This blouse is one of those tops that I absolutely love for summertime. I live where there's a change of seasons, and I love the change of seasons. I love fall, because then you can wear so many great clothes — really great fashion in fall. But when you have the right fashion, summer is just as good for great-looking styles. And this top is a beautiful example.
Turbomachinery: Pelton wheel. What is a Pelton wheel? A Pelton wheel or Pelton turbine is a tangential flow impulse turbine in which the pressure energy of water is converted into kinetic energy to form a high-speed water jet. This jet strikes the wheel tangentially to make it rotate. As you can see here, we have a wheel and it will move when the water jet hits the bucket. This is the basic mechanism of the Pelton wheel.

==

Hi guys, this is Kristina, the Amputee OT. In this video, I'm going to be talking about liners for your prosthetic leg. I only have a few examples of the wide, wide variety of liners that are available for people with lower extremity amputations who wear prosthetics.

• [Task requirements] Look through the entries above and quote exactly the lines from the line with "This blouse is" to the line with "Turbomachinery: Pelton wheel.", counting both of those lines.

• [Reply]
This blouse is one of those tops that I absolutely love for summertime. I live where there's a change of seasons, and I love the change of seasons. I love fall, because then you can wear so many great clothes — really great fashion in fall. But when you have the right fashion, summer is just as good for great-looking styles. And this top is a beautiful example.
Turbomachinery: Pelton wheel. What is a Pelton wheel? A Pelton wheel or Pelton turbine is a tangential flow impulse turbine in which the pressure energy of water is converted into kinetic energy to form a high-speed water jet. This jet strikes the wheel tangentially to make it rotate. As you can see here, we have a wheel and it will move when the water jet hits the bucket. This is the basic mechanism of the Pelton wheel.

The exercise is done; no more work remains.